Ich hab das ASUS A7N8X Deluxe und hab mir ne Maxtor mit 250 Gig und Serial ATA gegönnt. 

Aber irgendwie hab ich deftige Probleme mit jeglicher Einteilung von Partitionen. Ich hab alle Treiber aktualisiert und auch das BIOS (auf 1007).

Auch wenn ich XP neu aufspielen möchte, beschwert er sich nach der Formatierung mit ner Fehlermeldung.

Wer kann mir da helfen ?

MfG

Moritz


----------



## Iwein (12. Oktober 2003)

Mit was willste denn partitionieren?

Ich hab fast des gleiche Zeug nur ne 120gig von Maxtor und Win2k.


----------



## SiKiKingPin (12. Oktober 2003)

Quasi alles was mit Windows zutun hat, macht Ärger.


Gibt´s da noch andere Programme ?


----------



## IvanBigfoot (21. Dezember 2003)

hi alle Hab GENAU DAS SELBE SYSTEM! S-ATA Matrox 120gig und das ASUS A7N8X Deluxe ! Ich hab leider noch nix geupdatet, n paar links wären VERDAMMT hilfreich, bin schon langsam am verzweifeln;(

Bei der WinXP prof installation labbat der was von wegen er kann keine Festplatten finden...auch wenn ich beim setup F6 am anfang drücke, findet der keine controller etc. für S-ATA  und diskette bzw.

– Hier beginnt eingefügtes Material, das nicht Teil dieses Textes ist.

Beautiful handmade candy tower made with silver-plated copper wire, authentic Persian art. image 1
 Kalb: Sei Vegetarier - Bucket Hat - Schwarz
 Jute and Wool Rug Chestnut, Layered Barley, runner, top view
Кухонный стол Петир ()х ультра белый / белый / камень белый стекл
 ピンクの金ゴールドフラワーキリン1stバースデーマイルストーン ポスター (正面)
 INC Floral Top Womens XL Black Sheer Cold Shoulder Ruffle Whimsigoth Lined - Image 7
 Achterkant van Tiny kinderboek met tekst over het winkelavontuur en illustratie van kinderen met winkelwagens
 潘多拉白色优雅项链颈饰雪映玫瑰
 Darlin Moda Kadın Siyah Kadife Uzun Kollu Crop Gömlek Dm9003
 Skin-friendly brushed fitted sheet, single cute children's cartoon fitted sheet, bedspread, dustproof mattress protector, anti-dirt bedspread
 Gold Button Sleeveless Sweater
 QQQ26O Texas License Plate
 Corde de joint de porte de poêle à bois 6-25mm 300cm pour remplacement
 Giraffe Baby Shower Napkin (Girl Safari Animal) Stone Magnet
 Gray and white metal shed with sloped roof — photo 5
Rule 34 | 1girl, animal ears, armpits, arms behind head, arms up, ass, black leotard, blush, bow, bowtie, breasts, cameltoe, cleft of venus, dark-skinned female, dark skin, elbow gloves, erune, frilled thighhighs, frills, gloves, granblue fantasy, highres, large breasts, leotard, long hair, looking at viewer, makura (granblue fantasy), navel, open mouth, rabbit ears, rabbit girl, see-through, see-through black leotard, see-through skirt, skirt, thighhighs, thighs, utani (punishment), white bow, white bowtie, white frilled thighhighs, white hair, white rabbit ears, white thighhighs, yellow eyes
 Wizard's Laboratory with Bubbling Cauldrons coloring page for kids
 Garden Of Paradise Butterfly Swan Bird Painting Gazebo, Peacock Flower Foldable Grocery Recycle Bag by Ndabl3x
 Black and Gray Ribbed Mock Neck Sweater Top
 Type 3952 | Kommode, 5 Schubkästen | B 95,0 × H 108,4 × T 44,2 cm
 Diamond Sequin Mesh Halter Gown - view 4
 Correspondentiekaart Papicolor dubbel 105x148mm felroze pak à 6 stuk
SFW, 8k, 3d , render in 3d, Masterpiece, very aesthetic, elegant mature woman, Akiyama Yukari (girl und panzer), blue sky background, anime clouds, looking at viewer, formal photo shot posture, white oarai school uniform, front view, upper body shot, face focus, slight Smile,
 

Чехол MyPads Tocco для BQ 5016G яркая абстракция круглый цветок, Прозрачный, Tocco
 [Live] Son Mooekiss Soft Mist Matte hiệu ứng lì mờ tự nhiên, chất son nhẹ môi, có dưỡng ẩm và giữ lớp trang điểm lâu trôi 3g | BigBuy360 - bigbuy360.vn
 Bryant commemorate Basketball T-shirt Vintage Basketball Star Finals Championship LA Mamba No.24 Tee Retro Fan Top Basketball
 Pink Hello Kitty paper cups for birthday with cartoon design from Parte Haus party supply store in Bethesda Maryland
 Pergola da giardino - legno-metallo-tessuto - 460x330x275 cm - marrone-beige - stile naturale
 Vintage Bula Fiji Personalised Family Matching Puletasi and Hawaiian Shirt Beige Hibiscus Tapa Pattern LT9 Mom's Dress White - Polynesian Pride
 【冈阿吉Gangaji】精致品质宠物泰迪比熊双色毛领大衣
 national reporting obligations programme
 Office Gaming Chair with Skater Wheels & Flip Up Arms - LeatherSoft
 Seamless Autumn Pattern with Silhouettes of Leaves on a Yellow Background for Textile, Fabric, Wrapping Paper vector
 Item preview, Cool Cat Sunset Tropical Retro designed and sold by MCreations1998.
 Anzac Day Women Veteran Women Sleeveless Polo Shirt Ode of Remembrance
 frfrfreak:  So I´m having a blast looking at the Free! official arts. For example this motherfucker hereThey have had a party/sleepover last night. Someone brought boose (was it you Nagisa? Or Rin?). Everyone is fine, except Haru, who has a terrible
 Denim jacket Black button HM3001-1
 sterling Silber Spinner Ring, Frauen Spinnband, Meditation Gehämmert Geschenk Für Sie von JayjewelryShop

CD war bei matrox net dabei :/(( HILFE!


----------



## IvanBigfoot (22. Dezember 2003)

Warum antwortet hier keiner ? Hat kein anderer solche pr0bs?!


----------



## Goofman (24. Dezember 2003)

Hi zusammen
zum Problem von dir, IvanBigfoot:
Auf der CD deines Mainboards sind auch die Treiber zu deinem SATA-Controller
Kopier diese auf eine Diskette und dann drück F6 beim Setup. Das müßte dann tun!
Falls net, dann achte mal darauf, ob dein Rechner beim Hochfahren die SATA Platte erkennt (wird überhaupt der Controller erkannt)
Wenn nicht, dann auf dem Mainboard umjumpern (in der nähe vom BIOS-Reset )
;-)    
Ich hoffe ich konnte dir helfen!

Mfg Goofman


----------



## IvanBigfoot (24. Dezember 2003)

Joa, ich werd mal mein Ergebnis posten...DANKE!


----------